Identifying Service Gaps to Improve Lives and Communities: Minnesota Department of Human Services Gaps Analysis
The ultimate goal of any research or evaluation project is to inform action. A multi-year Wilder Research project with the Minnesota Department of Human Services (DHS) is informing systems changes to meet the needs of some of Minnesota’s most vulnerable residents.
Beginning in 2014, DHS contracted with Wilder Research to conduct a legislatively mandated biennial study of gaps in Minnesota’s publicly funded services system, including home and community-based services and mental health services. The goal is to identify how services are meeting needs for people with disabilities, older adults and adults and children living with mental illness, and to understand areas for improvement.
Wilder Research has worked closely with DHS to adapt each study to engage stakeholders in meaningful ways, and gather and share information that would be useful to highlight pressing issues and possible solutions. In the first study, information was gathered via surveys and interviews from county and tribal agencies, managed care organizations, service providers, and people who use services or their advocates about gaps in services in their area. Survey and interview data identified pressing gaps in service availability, important barriers to accessing services, and other systems-level issues related to housing, transportation, employment supports and the cultural responsiveness of services.
Planning Sessions to Prioritize Needs and Create Solutions
In the second study, Wilder Research held planning sessions across the state for regional stakeholders. The goal was to bring together people using and providing services to review data about service use and gaps in their region, prioritize areas of greatest need, and think creatively about strategies for shrinking gaps in critical services. The most common service gap identified as a priority by participants was workforce shortage, which was seen as creating gaps in many services. One participant noted, “Without solving the workforce issue, services cannot be provided.”
The most commonly recommended strategies to address this issue include increasing reimbursement rates and wages for service providers, collaborating with educational institutions to recruit and train service providers, and offering other incentives or benefits (such as loan forgiveness or school credit) for service providers. Participants also prioritized shortages in transportation, crisis services and housing, and identified strategies that could help to alleviate these shortages.
“It has been exciting to work with DHS on multiple cycles of this study and to think collaboratively about how the processes can evolve to better use existing data and stakeholder input to develop and implement actual strategies for solving service gaps,” said Francie Streich, research scientist at Wilder Research who leads the Gaps Analysis.
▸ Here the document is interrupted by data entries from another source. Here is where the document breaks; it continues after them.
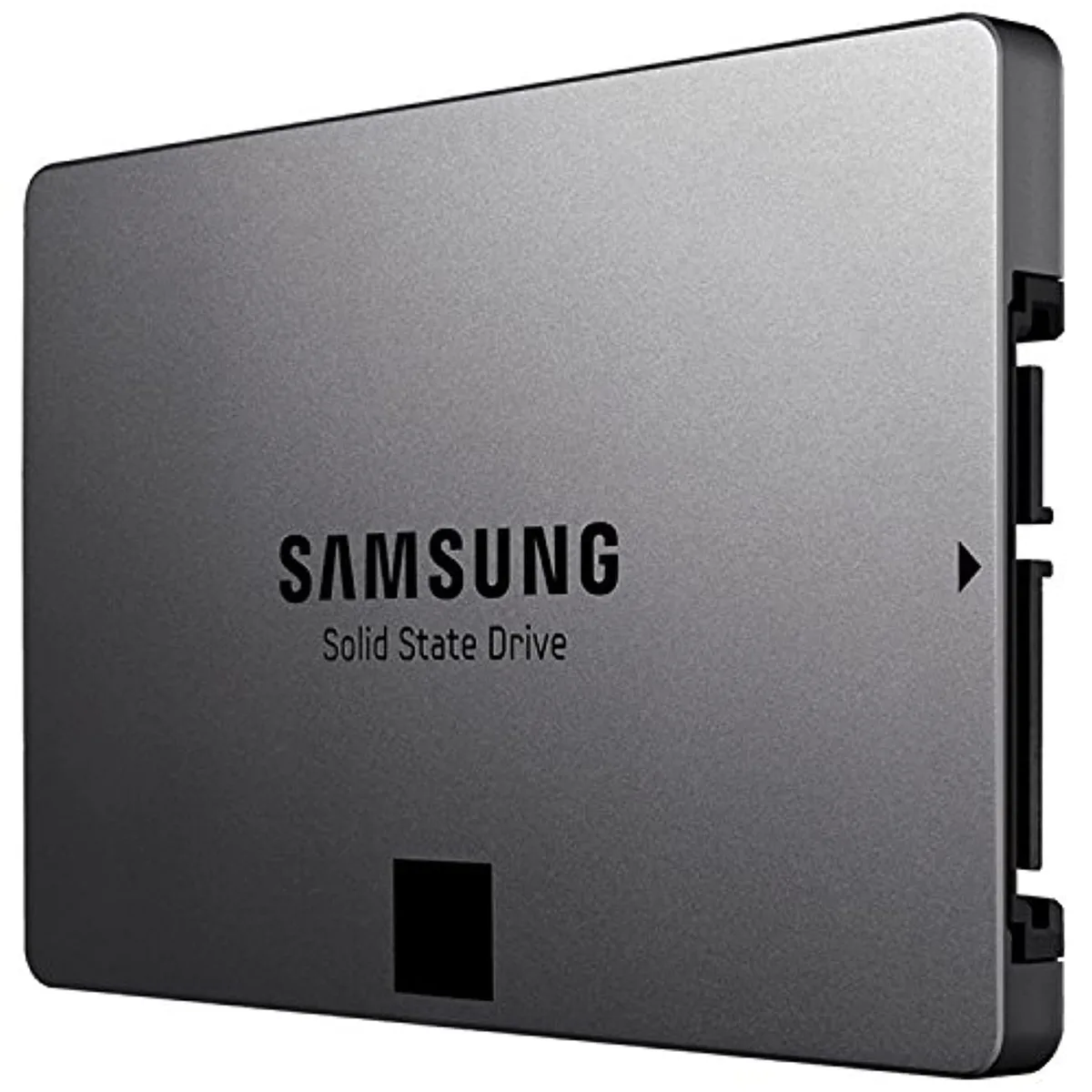 Silver rectangular 2.5 inch SATA solid state drive with black label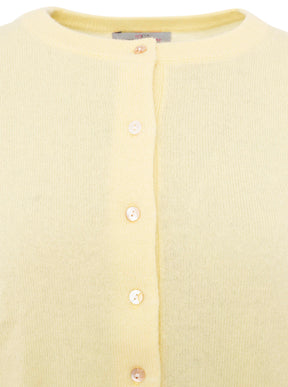Zwillingsherz Kaschmir Strickjacke Perlmutt (100% Cashmere) - Gelb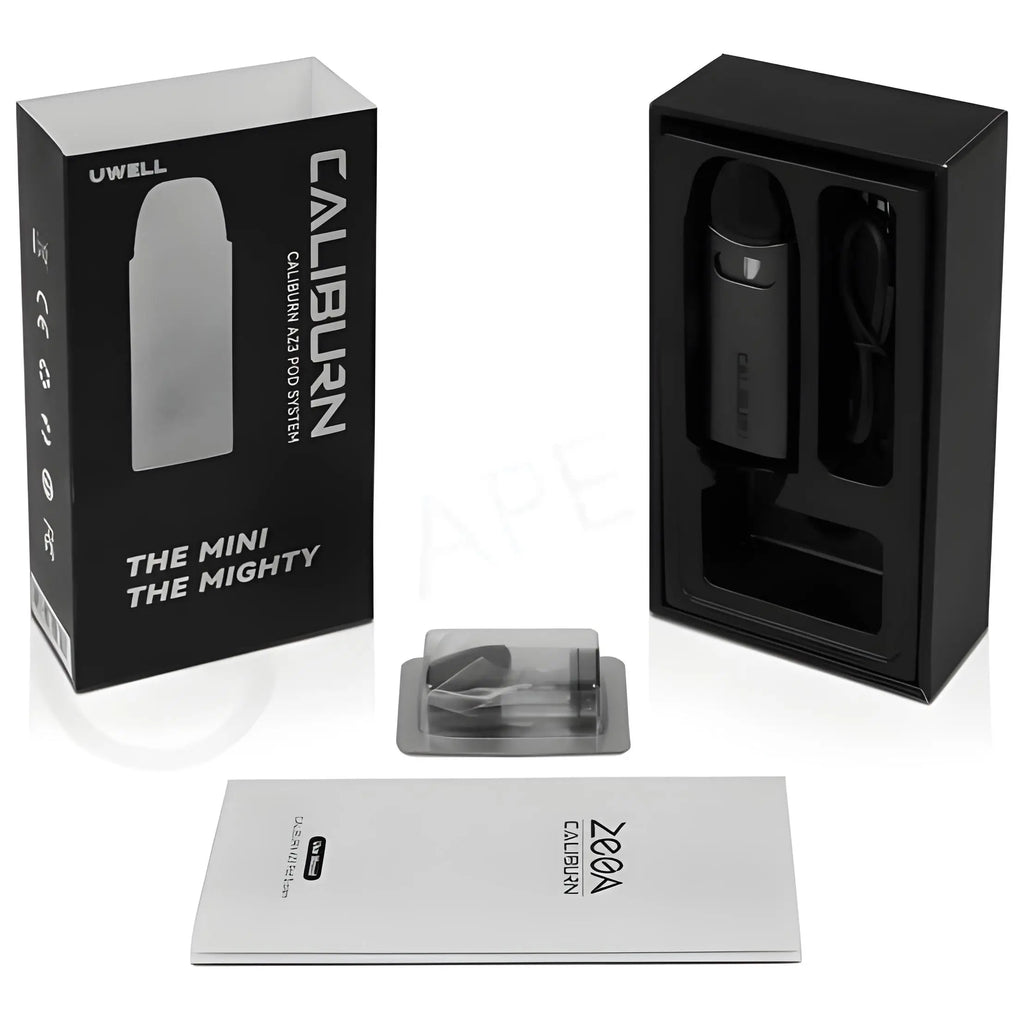 Black uwell caliburn az3 pod system vape device with 750mah built-in battery and type-c fast charging in minimalist packaging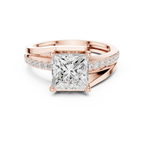 14K White Gold Men's Princess Cut Diamond Bypass Ring
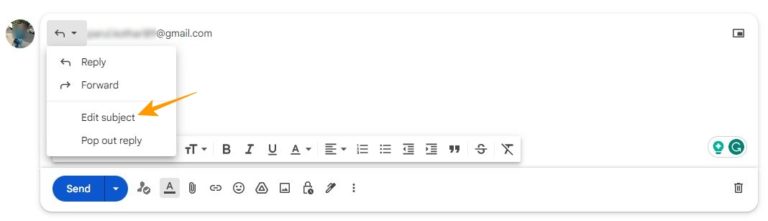 gmail change email title in reply
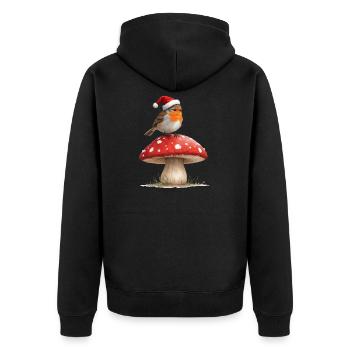 Robin en chapeau de Père Noël sur un champignon rouge - Veste à capuche bio Premium Unisexe - noir - Dos - Nico (187cm)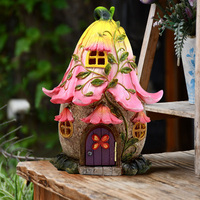 Lampe solaire Miniature, jardin féerique enchantée, trompette, lys, chalet, maison avec porte mobile, Figurine
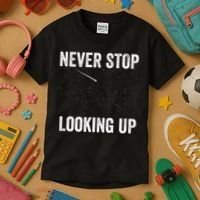 Never Stop Looking Up Stargazing Astronomy Space Constellation Amateur Astronomy Kids T-Shirt thumb 3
Building Off the Momentum for Future Studies
The current biennium study will build off of the momentum started in the regional planning sessions. Working with DHS, Wilder Research is charged with identifying and implementing the next steps of the DHS gaps analysis process. These steps will become the basis for an ongoing DHS Gaps Analysis process to identify service gaps; refine, support and evaluate strategies to lessen service gaps; and communicate about these efforts. Once again, the processes developed will involve many important voices, including those of counties, tribes, managed care organizations, service providers, and people who use services.
This project has the potential to impact thousands of Minnesotans who are currently living in the community with the assistance of home and community-based services and mental health services. “The collaboration with Wilder Research has helped to streamline the process while developing broader stakeholder engagement and enthusiasm for this effort,” said Mary Olsen Baker, contract manager, Minnesota Department of Human Services.